How to complete this task
Reproduce exactly, and only, the lines of the material below running from the line bearing "Stacking Glass Espresso" through the line bearing "big bazaar E". Leave any pictures out.

Given entries
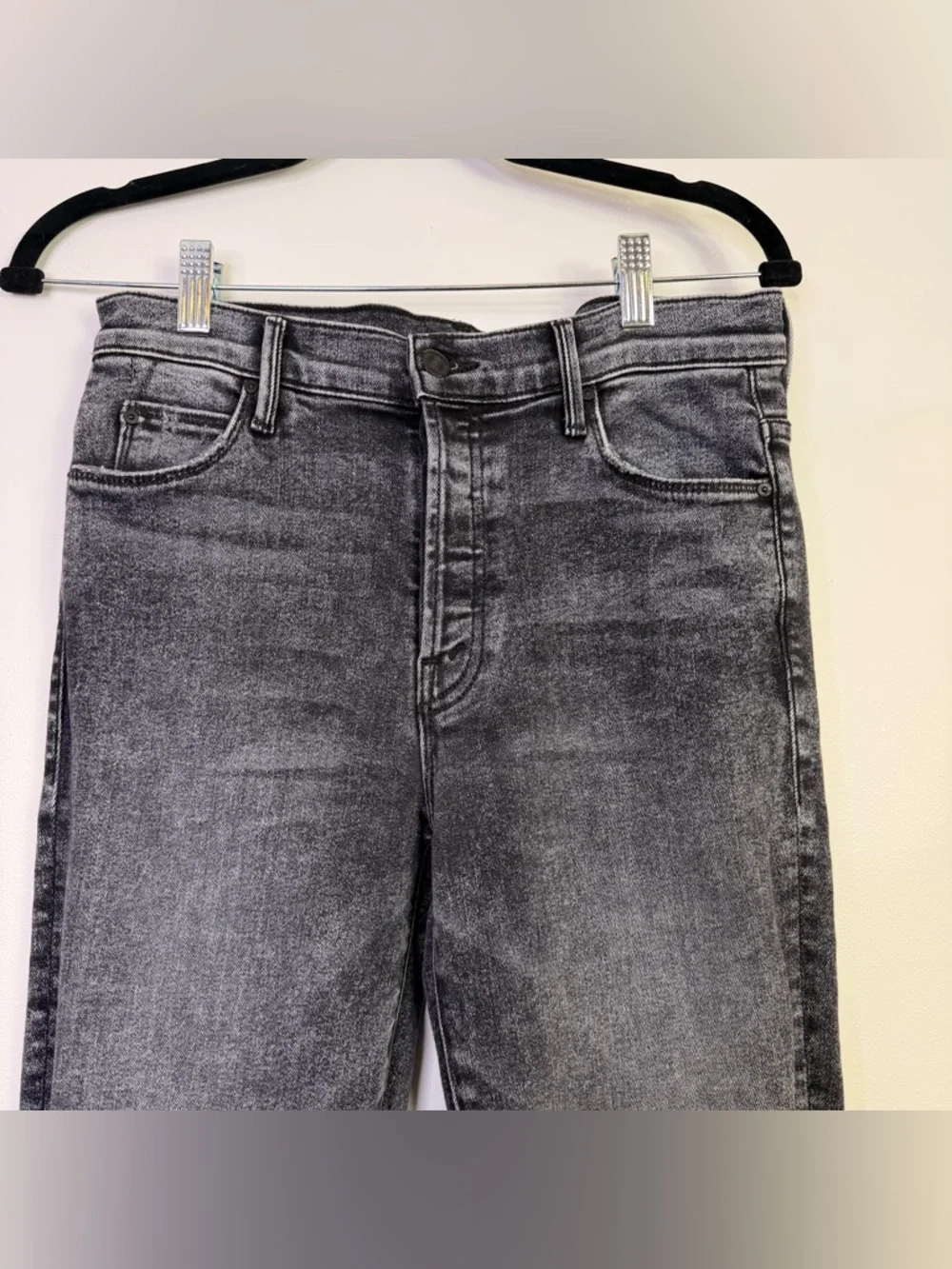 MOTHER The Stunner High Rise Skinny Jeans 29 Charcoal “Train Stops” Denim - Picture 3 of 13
--
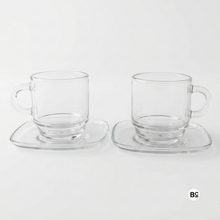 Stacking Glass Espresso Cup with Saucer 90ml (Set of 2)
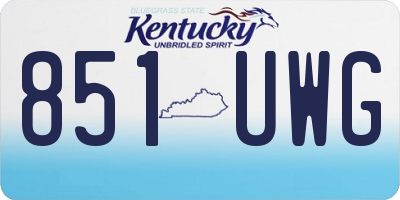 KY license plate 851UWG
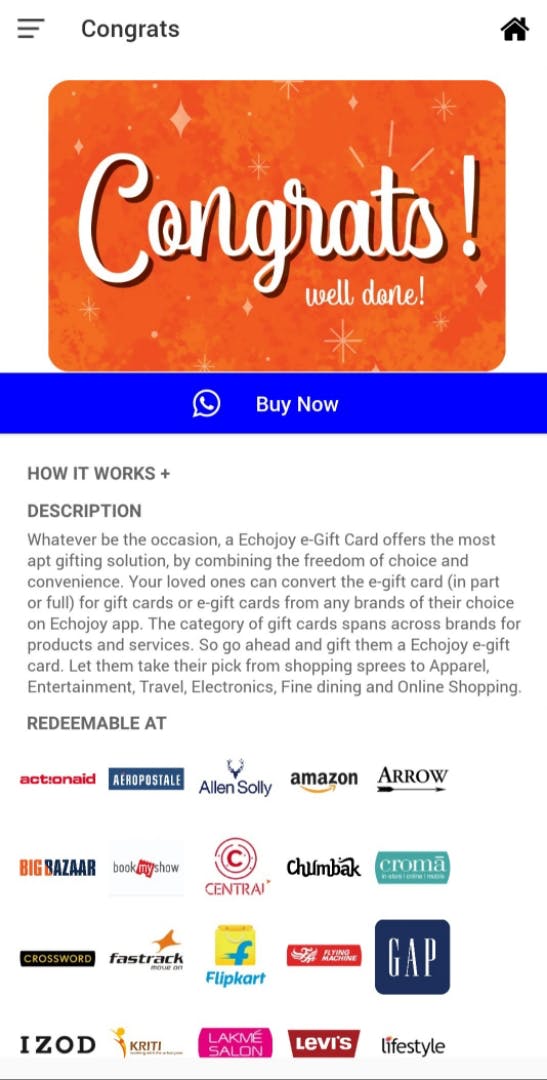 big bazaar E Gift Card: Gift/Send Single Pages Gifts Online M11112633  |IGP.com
--
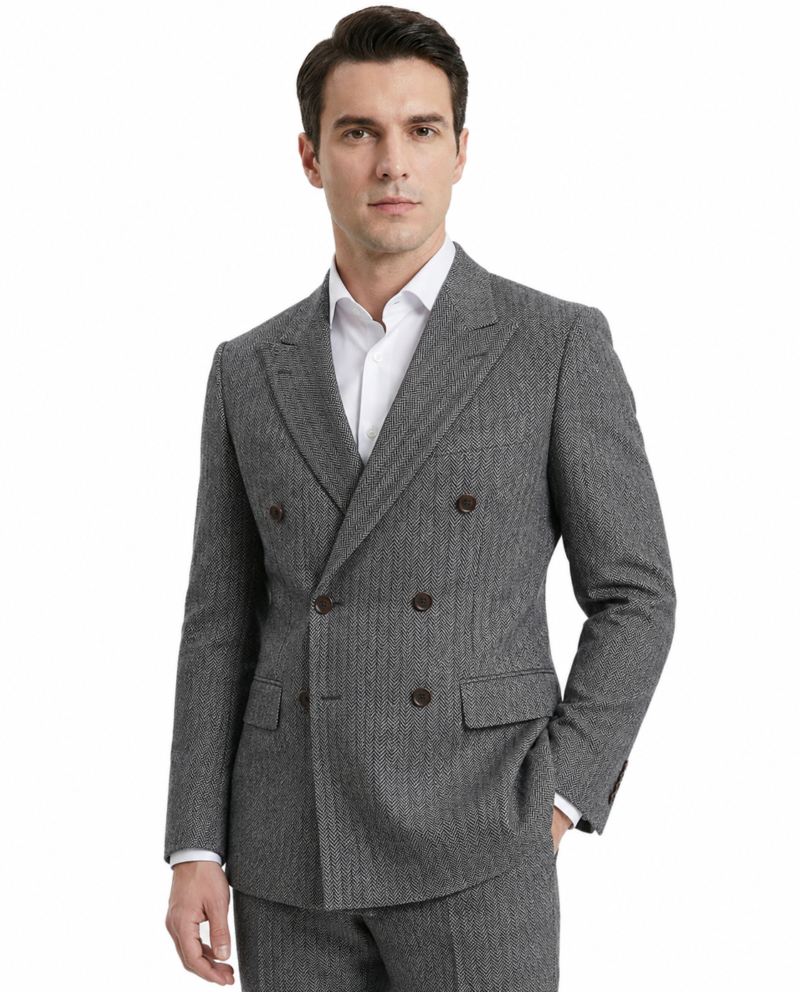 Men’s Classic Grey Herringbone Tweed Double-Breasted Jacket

Reply
 Stacking Glass Espresso Cup with Saucer 90ml (Set of 2)
 KY license plate 851UWG
 big bazaar E Gift Card: Gift/Send Single Pages Gifts Online M11112633  |IGP.com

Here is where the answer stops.